Ils avaient entre 5 et 14 ans et ont été tués au 15e siècle dans le cadre d'un rituel: au Pérou, les restes d'au moins 251 enfants, preuve du plus grand sacrifice humain de ce genre dans l'Histoire, seront bientôt rassemblés dans un musée.

La découverte, dévoilée en avril par National Geographic, a été réalisée près d'une falaise donnant sur l'océan Pacifique, dans la région de Trujillo (nord), où était présente la civilisation précolombienne des Chimu (900-1450), ensuite renversée par l'empire Inca.

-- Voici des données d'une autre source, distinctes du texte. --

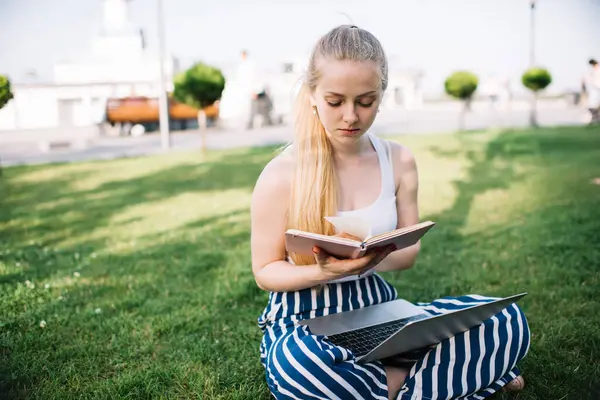 Şehirdeki yeşil çimlerde dizlerinin üstüne çöküp haftanın günlüğünü kontrol eden ciddi konsantre kadın serbest yazar.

Des architectes et ingénieurs travaillent désormais sur la construction d'un musée "qui accueillera les restes qui sont en bonnes conditions et peuvent être transportés" depuis le lieu où ils ont été trouvés, explique à l'AFP José Ruiz, maire de Huanchaco, petite ville proche de Trujillo, où les squelettes ont été trouvés, sur deux zones distinctes.

"Maintenant (les restes) pourront avoir un lieu sûr, éloigné des pillards, pour pouvoir reposer", ajoute-t-il, précisant que le musée sera aussi équipé d'"un laboratoire pour les recherches".

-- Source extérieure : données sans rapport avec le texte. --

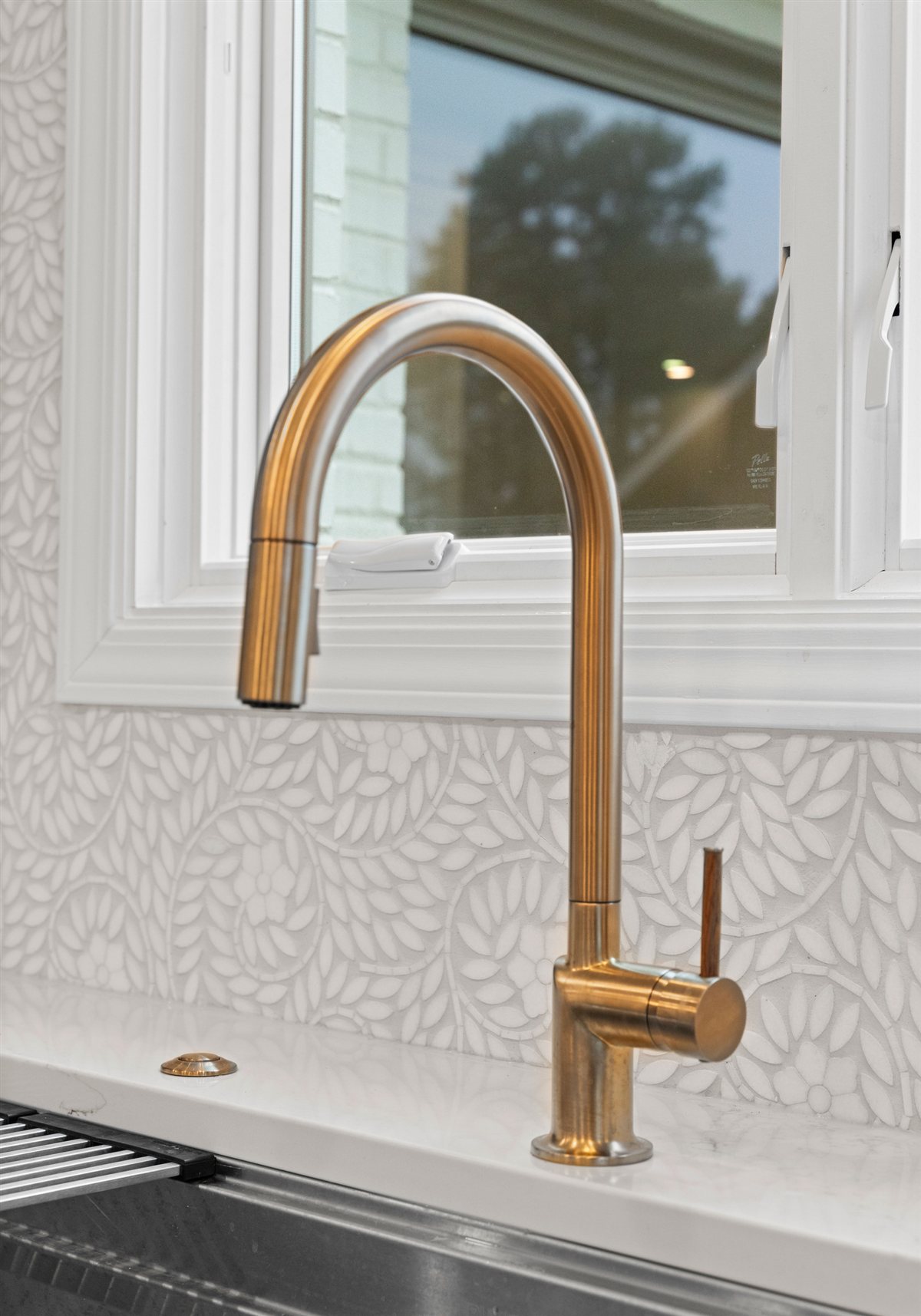 Brass pull-down faucet at the sink, River Chase kitchen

Les fouilles avaient commencé en 2011 dans cette région et ont permis de mettre au jour les restes d'enfants, inhumés le visage tourné vers l'océan, et de quelque 200 jeunes lamas, eux aussi sacrifiés puis ensevelis tournés vers l'Est, en direction des Andes.

Les enfants étaient inhumés à la verticale, les uns à côté des autres, avec près de chaque corps un vase, un sifflet, des pièces de tissu et de la nourriture.

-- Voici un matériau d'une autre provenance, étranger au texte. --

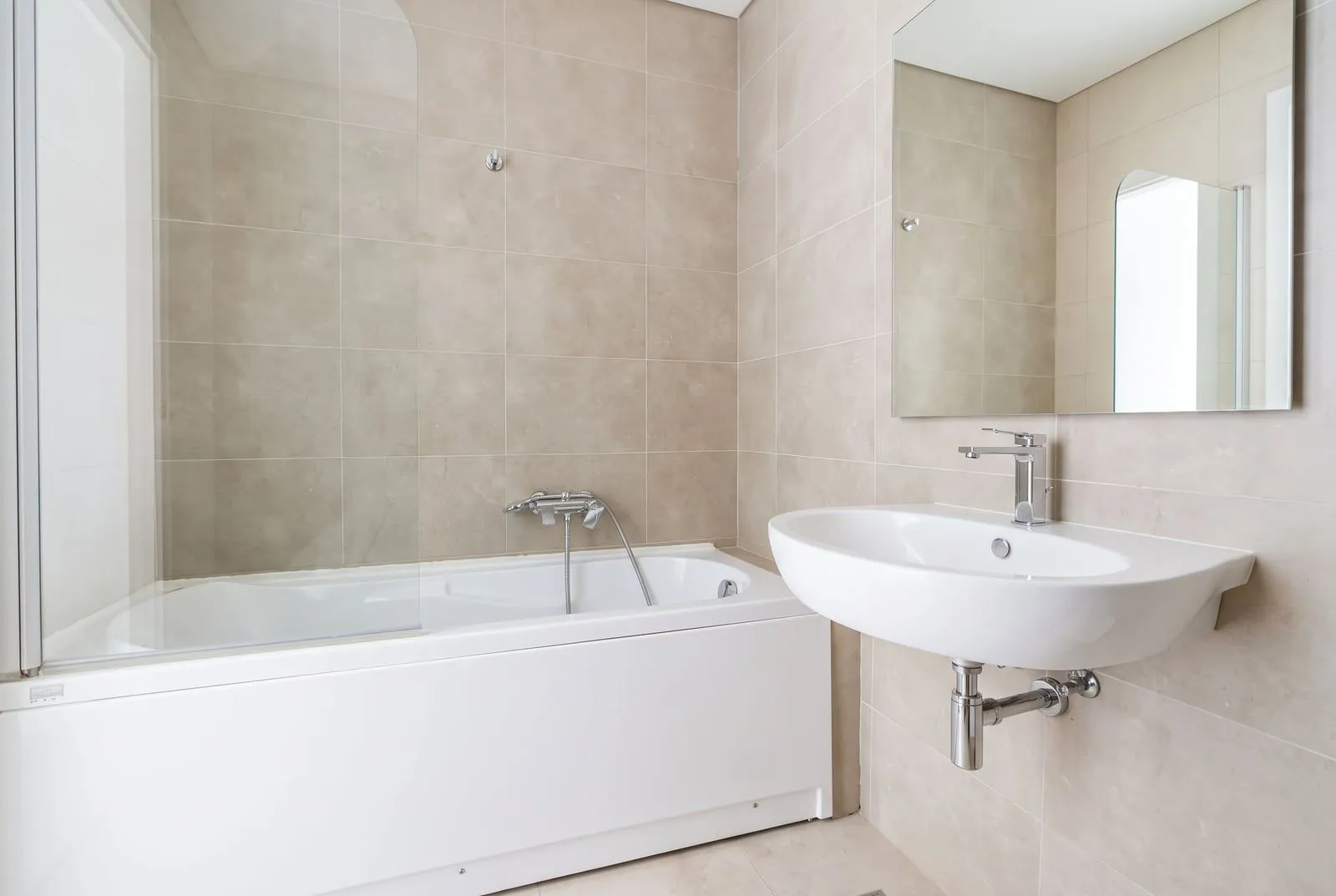 Modern bathroom with a bathtub and a sink in beige tones.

- Incision dans le sternum -

Le musée sera érigé d'ici six mois, près du lieu de la trouvaille archéologique et pour un budget de plus de 1,5 million d'euros.

"Nous avons le soutien de la ministre de la Culture, Patricia Balbuena", indique M. Ruiz.

Mais les fouilles ne sont pas encore terminées et des restes osseux sont régulièrement trouvés dans la zone, explique à l'AFP Gabriel Prieto, archéologue de l'Université nationale de Trujillo qui a dirigé les recherches avec John Verano, de l'Université de Tulane à la Nouvelle-Orléans (Etats-Unis).

Rien que la première semaine de juin, le chercheur a annoncé la découverte des squelettes de 56 enfants sur le site de Pampa La Cruz, essentiellement dans un terrain vague qui servait de dépôt à ordures.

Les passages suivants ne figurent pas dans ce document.